DURA Automative Systems Logo

Dura Automotive Systems (shortened to Dura) is an independent designer and manufacturer of automotive components, including control systems, exterior systems and lightweight structural systems. Dura markets its automotive products to every North American, Asian and European original equipment manufacturers (OEMs) and many leading Tier 1 automotive suppliers. Dura is headquartered in Auburn Hills, Michigan, USA with more than 21,000 employees at 41 sites in 15 countries.

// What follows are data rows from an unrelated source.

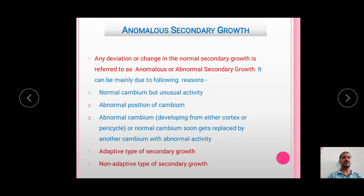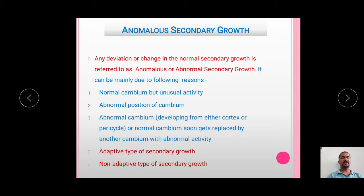Before going into the details of Anomalous Secondary Growth in Salvadora stem, we will have background information on Anomalous Secondary Growth, which we have already discussed in our last presentation. The Anomalous Secondary Growth is any deviation or change in the Normal Secondary Growth. This can be mainly due to three reasons. The first is that the normal cambium has unusual activity. The second reason is the abnormal position of the cambium. The third reason is an abnormal cambium developing either from the cortex or pericycle, or the normal cambium soon gets replaced by another cambium with abnormal activity. These three reasons can lead to the Anomalous Secondary Growth.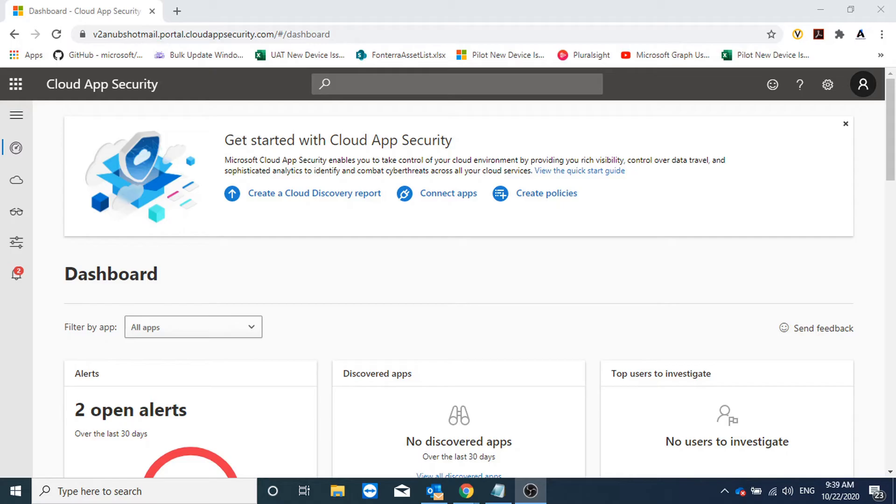Hello everyone, in previous videos of Cloud App Security we saw what is Cloud App Security and what are its features. In part 2 we saw the conditional access and how to use that with Cloud App Security for session control.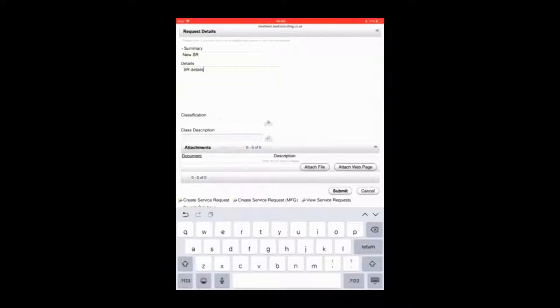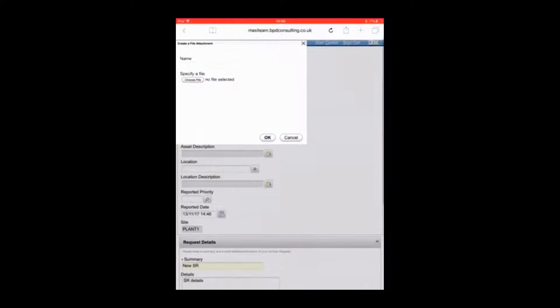Now there are three options. You can look for existing photographs, you can browse for other files, or you can take a photo or video from your camera and that's what we're going to do here.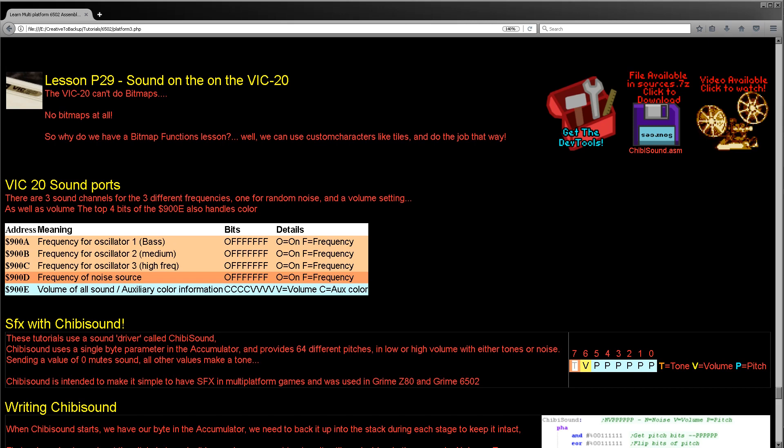Hello, it's Keith here and this is lesson 29 of the platform specific series of my 6502 assembly programming tutorials. We've looked at sound on various systems over the last few weeks and this week we're going to look at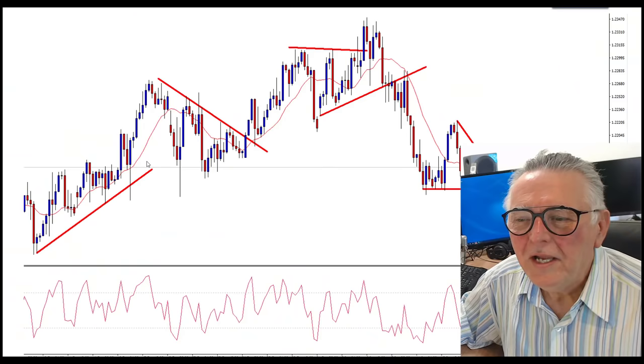Hi everybody, Alex from Expert Forex. In today's video we're going to be talking about grid trading, this most fantastic method of trading the Forex market with the least amount of tension or pressure.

Dura was ranked in the 2006 Fortune 1000. Later that year, on October 30, 2006, Dura filed for Chapter 11 bankruptcy protection. Final determination to delist Dura's common stock and convertible trust preferred securities from NASDAQ was made November 13, 2006.

In December 2009, Dura Automotive Systems was acquired by Lynn Tilton through her New York-based private equity firm Patriarch Partners. In the deal, Dura absorbed Global Automotive Systems of suburban Detroit, also owned by Patriarch Partners, to form a parts supplier with global "sales of $1.6 billion and 10,800 employees in 39 manufacturing operations in 16 countries."

In October 2019, Dura Automotive Systems again filed for bankruptcy.